The reason for the lack of impact on rankings, as explained by Google representatives in the days following the announcement, is that the modifications in the new update focus on improving search results for two types of queries that are growing rapidly as a whole but do not represent large search numbers for individual components; complex queries that are conducted by voice command on mobile devices. Prior to the update, Google’s process for assessing spoken or keyed searches focused on keywords while ignoring other words in the query. Hummingbird changes that process by assessing each word in the context of the question. One of the primary outcomes of this change is that searches using long tail keywords will generate results that are far more likely to present relevant content.      
 
For ecommerce businesses, the Hummingbird update provides a huge opportunity to capitalize on two consumer behaviors simultaneously:
 
* The tendency of consumers to purchase items that they have researched on their mobile devices – According to a Google/Nielsen survey, more than 4 out of 5 consumers submit product queries with the intention of making a purchase within 24 hours.

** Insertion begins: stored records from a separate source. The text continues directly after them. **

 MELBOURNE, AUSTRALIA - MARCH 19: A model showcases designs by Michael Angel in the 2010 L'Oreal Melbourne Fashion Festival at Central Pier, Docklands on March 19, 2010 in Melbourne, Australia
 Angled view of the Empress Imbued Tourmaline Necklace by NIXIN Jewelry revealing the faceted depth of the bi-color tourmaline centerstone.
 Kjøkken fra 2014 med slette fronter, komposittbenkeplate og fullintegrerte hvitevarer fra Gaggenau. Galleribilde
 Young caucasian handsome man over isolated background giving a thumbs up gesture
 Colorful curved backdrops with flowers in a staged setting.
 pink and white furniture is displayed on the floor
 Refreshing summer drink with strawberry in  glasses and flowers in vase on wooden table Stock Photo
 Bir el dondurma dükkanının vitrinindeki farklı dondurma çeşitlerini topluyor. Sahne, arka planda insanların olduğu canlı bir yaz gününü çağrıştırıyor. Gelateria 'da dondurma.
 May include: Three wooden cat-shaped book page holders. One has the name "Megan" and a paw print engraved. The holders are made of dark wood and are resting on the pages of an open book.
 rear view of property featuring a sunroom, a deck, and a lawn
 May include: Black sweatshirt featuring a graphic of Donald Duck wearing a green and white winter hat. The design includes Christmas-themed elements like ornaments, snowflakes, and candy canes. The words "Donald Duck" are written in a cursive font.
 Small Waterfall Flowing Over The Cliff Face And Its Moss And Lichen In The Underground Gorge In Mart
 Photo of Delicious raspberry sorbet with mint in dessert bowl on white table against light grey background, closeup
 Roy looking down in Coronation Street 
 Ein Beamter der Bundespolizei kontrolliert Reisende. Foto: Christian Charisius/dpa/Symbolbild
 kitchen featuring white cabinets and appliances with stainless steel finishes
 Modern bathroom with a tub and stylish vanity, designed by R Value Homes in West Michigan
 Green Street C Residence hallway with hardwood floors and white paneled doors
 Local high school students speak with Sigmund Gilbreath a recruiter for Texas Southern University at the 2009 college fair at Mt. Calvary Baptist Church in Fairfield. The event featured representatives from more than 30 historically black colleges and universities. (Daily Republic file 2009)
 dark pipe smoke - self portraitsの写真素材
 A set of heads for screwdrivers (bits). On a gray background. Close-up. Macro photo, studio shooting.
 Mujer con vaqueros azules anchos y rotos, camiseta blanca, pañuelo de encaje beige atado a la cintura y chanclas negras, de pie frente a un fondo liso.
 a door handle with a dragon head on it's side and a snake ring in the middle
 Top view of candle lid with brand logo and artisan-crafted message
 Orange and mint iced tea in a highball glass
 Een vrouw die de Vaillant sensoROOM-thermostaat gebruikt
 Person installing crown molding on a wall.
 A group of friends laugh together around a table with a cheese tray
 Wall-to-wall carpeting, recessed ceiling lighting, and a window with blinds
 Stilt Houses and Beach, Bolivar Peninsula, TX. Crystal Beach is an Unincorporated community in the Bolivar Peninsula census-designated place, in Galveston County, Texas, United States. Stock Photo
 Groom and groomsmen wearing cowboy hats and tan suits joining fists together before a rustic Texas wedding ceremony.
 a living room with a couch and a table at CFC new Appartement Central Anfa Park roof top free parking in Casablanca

* The typical online search process of consumers – Consumers generally start product searches with shorter search terms and then lengthen them as they get closer to making a purchase. By generating content that delivers solutions/answers to long tail queries, a business can become very visible on results pages at precisely the point at which consumers are preparing to make a purchase.     
 
The companies that will be in the best position to capitalize on these converging trends will be generating content that is recognized as a solution to consumers’ search queries. It’s a huge opportunity, and Google wants to help.